スポニチ

写真拡大

 日本野球機構(NPB)と12球団が「延長タイブレーク制」の導入を検討することが24日、分かった。早ければ来季からの採用に向けて今後、議論を重ねていく。大リーグでは延長10回から「無死二塁」で始める特別ルールとして20年から実施。より勝敗が決しやすく、選手の負担軽減や試合時間短縮にもつながっており、導入されれば画期的な制度変更となる。

 「タイブレーク」は延長回の初めから塁に走者を置き、得点が入りやすくなる特別ルール。導入されれば、ファンの最大の関心事である勝敗がはっきりとつき、消化不良が解消される。来季以降を見据えて、近く本格的な検討が始まる。

 最大の狙いは、より魅力的な試合づくりとなる。榊原定征コミッショナーは22年12月の就任から「プロ野球の一層の魅力向上、観客動員の拡大」を掲げ「野球の魅力、楽しさを発揮して夢や希望を与える役割を果たしたい」と語ってきた。タイブレークでは延長戦突入後、得点の機会が多くなり早期決着が見込まれ、よりスピーディーかつ、エキサイティングな結末が増えることになる。

 また、選手のコンディション面でも負担軽減となり、疲労によるケガ防止などの利点もある。今季は計20試合の引き分けのうち、雨天コールドなどを除く18試合が延長12回引き分け。リーグ再開初戦だった21日、ナイターでの日本ハム―楽天(エスコン)は史上初の両軍外国人選手の満塁弾などで盛り上がったが、9―9で決着がつかなかった。終了は午後10時23分で、翌日の同戦は午後2時開始のデーゲームだったが、こうした日程面の負担軽減が見込まれる。

 アマチュア球界は高校、大学、社会人がすでに採用。大リーグではコロナ禍だった20年に特別ルールとして始まり、現在は延長10回以降「無死二塁」で実施している。これまでも「リプレー検証」、「コリジョンルール」など新ルールを大リーグの数年遅れで導入した経緯もある。さらに、WBC、五輪などでも採用されており、国際大会への対応にもつながる。ドジャース・大谷らを擁して世界一を奪還した23年WBCで、侍ジャパンのタイブレーク突入はなかったが、直前合宿から10回以降の無死二塁を想定した練習を重ねていた。

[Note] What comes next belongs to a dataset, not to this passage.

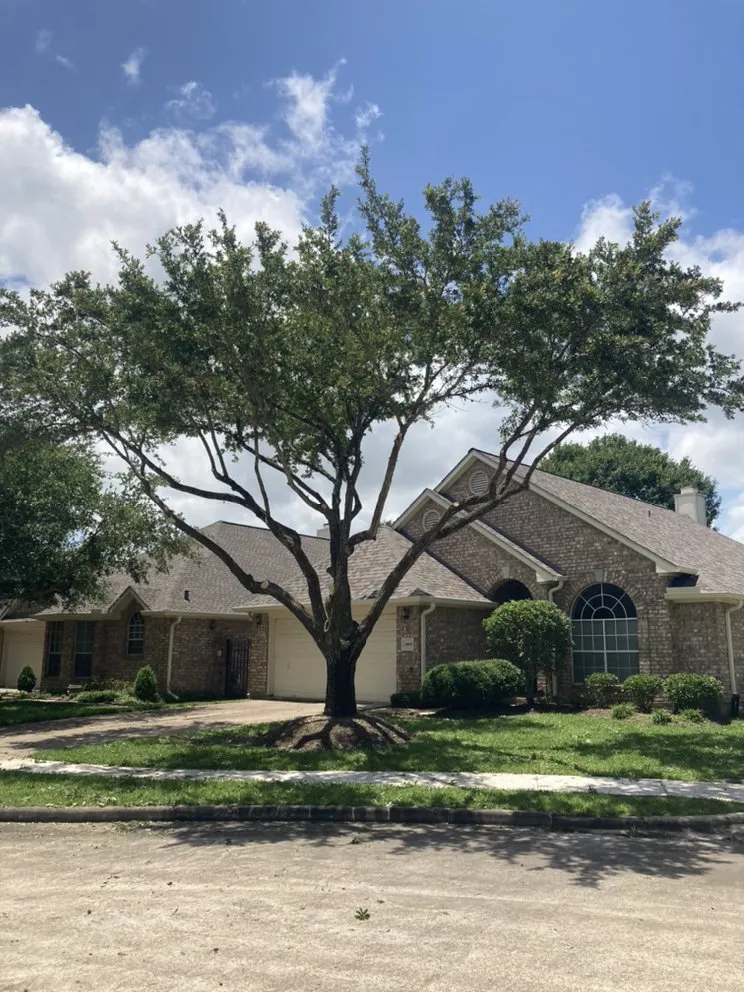 Custom landscape design experts serving Texas City, TX - Aesthetics Trees & Landscaping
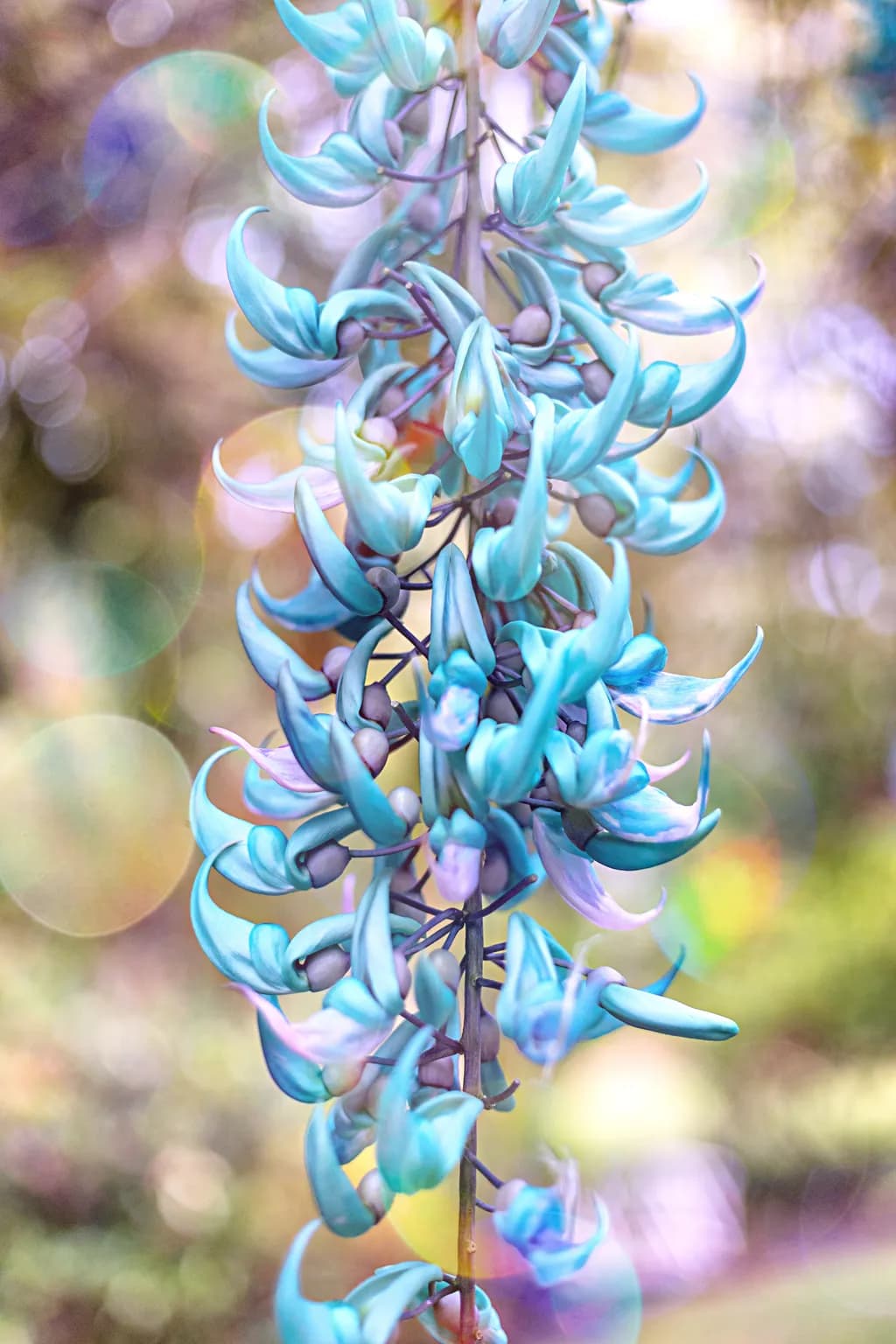 Blue Blossoms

 昨年11月のプロ、アマ合同の日本野球規則委員会では、NPBは導入しない方針が示されていた。だが、NPBの専門委員会は導入の場合のメリットやデメリットの調査を開始している。今後、開始回や場面など、さまざまな意見を出し合い、導入への道を探っていく。

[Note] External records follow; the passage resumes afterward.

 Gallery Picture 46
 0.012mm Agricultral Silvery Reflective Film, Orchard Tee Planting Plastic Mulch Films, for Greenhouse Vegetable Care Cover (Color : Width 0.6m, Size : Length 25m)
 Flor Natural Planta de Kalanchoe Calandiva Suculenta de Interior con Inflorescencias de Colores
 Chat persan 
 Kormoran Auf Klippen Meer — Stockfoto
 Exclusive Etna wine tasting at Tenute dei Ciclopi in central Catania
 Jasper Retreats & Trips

 ≪引き分け0なら順位に大きな変動も≫両リーグの試合制限規定が同じになった01年から昨季まで、引き分け試合数は603試合。平均すると1チーム年間4試合ほどになる。今季のセは23日時点で首位・広島(勝率.550)と2位・阪神(.516)が、ともに4試合ずつ引き分け。決着がつくタイブレークが導入された場合、広島が最大の4敗、阪神が最大の4勝していたと仮定すると、阪神が勝率.544、広島が.516となり順位が入れ替わる。4試合で貯金、借金は最大8つの差が出るなど大きな差が生まれることになる。

 ≪「ピッチクロック」結論まだ≫投球間の時間制限「ピッチクロック」は、23年7月のオーナー会議で本格的に検討していくことが確認されたが、まだ採用可否の結論が出ていない。23年にピッチクロックを導入した大リーグでは投手の故障が相次ぎ、選手から批判が噴出。地方球場開催が多い日本では、タイマー設置などの課題も多く残っている。

 ▽各組織&大会のタイブレーク

 ☆アマ野球 社会人野球は03年からタイブレークを導入。大学野球では11年の全日本大学野球選手権で採用し、東都大学野球リーグでは19年秋以降延長10回から無死一、二塁で、継続打順で実施している。高校野球では甲子園大会で18年から採用。当時は延長13回からだったが、23年の規則改正で10回から無死一、二塁で行うことになった。

 ☆大リーグ コロナ禍の影響を受け、特別ルールとして20年シーズンから実施し、現在も継続している。延長10回から無死二塁でスタートする。

 ☆国際大会 17年WBCで採用され、当時は延長11回から無死一、二塁で実施。23年大会は延長10回から無死二塁でスタートした。東京五輪の野球競技では延長10回からタイブレークで、無死一、二塁でスタートした。